The economists’ intense attack on Limits to Growth reflects the rift between the core assumptions of mainstream economics and those of the physical sciences. Basic economics textbooks depict a standard model where the circular flow between production and consumption has no natural context: producers and consumers are seen to function without any reference to the physical world of resources and wastes. Ecological economists, on the other hand, and most physical scientists, accept Nature as the essential foundation of the human economy; in this framework, production requires resource inputs from the physical world and sinks where its wastes can be absorbed: depletion and pollution are inescapable.


In mainstream economics, economic growth is understood to be the result of two factors: capital and labour. This picture was developed while energy and resources were plentiful; economists could ignore the physical basis of economic activity, including the role of energy. Physical scientists, on the other hand, regard energy as the “master resource”, since no other commodity can be produced without it (Cleveland, 1991; Zencey, 2013).[3]One of the ecological economists, Kenneth Boulding, warned in 1966 that the “cowboy” economy (which had commanded the limitless resources of an “empty world”) was over; humanity faced a new situation which he called “spaceship Earth”, a world that was rapidly filling up. Odd as it may seem, economics has yet to fully acknowledge that energy is just as essential to production as are labour and capital, even though the massive economic growth since 1950 has depended on it.

 

Economic growth as a corporate goal: inventing consumerism

Notions of limits to economic growth threaten many powerful groups that depend on continually rising profits and the expansion of the physical economy. One of the crucial innovations of capitalism[4] was the system of accumulation, where production surpluses are largely devoted to expansion of the enterprise. Growth is indispensable to such a system, and the corporations that emerged around 1900 were determined to maintain it. The immense productive powers developed over the nineteenth century had met the basic needs of most of the US population by the early twentieth century and the captains of industry feared that the system had triggered a permanent crisis of overproduction. The American capitalist economy confronted the plenty it had created as a threat to its very existence.

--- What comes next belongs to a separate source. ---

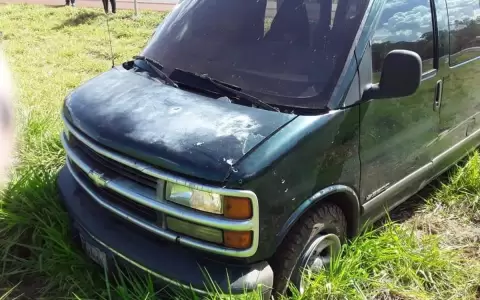 Asalto y balacera en cruce Itakyry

A consumer solution, however, was simultaneously emerging. Edward Bernays[5]
 
(2005), one of the pioneers of the public relations industry, pointed out in 1928 that mass production can only be profitable if it ensures steady or increasing demand, which, he suggested, could be accomplished “through advertising and propaganda”. Although the practice of inciting consumption has earlier roots (Higgs, 2014, pp.68-69), the first major surge of mass consumption was promoted in America in the 1920s. A “new economic gospel of consumption” was urged (Cowdrick, 1927); new needs could be created, with advertising enlisted to “augment and accelerate” the process (Hunnicutt, 1996). People could be encouraged to give up thrift, value goods over free time and, with ever-increasing aspirations, they would always be chasing a receding goal. Just before the Wall Street Crash, President Herbert Hoover’s Committee on Recent Economic Changes (1929) welcomed the “grand… expansibility of human wants and desires”, celebrated an “almost insatiable appetite for goods and services”, and foresaw “new wants that make way endlessly for newer wants, as fast as they are satisfied”. People were encouraged to board an escalator of desire (a stairway to heaven, perhaps) and progressively ascend towards the luxuries of the affluent.

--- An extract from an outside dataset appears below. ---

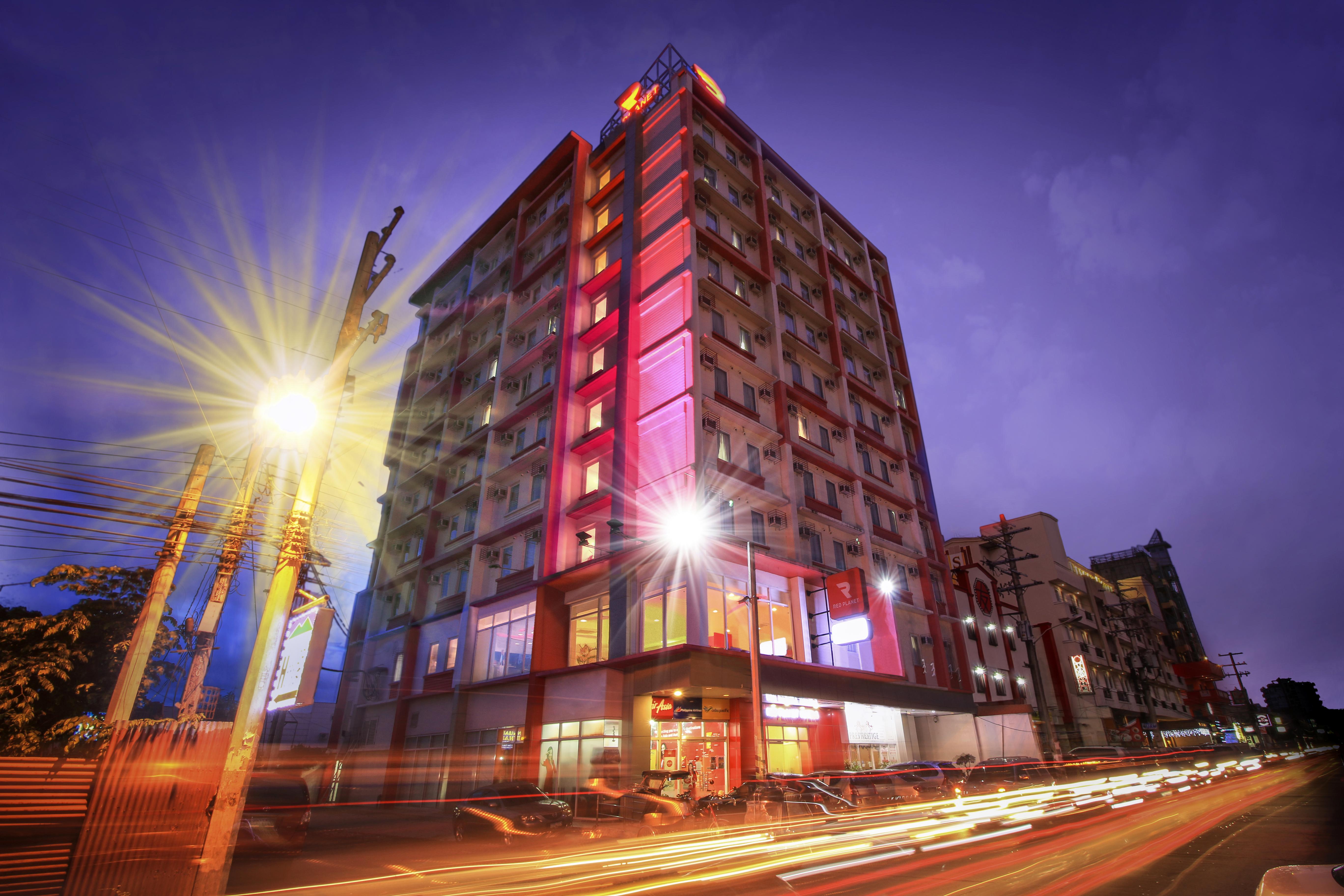 Red Planet Clark Angeles City Eksteriør bilde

Although the Great Depression interrupted this process, it resumed after World War II with an intensity stimulated by corporate advertisers using debt facilities and the new medium of television. As retail analyst, Victor Lebow, put it in 1955:

Our enormously productive economy demands that we make consumption our way of life… that we seek our spiritual satisfaction, our ego satisfaction, in consumption. … We need things consumed, burned up, replaced and discarded at an ever accelerating rate (Kettles, 2008, p.47).

Vance Packard (1959) described the advertising men of this new era, putting “sizzle into their messages by stirring up our status consciousness”, making what were once luxuries into the “necessities of all classes”. Sold as status symbols perhaps, it was endless material objects that were being consumed.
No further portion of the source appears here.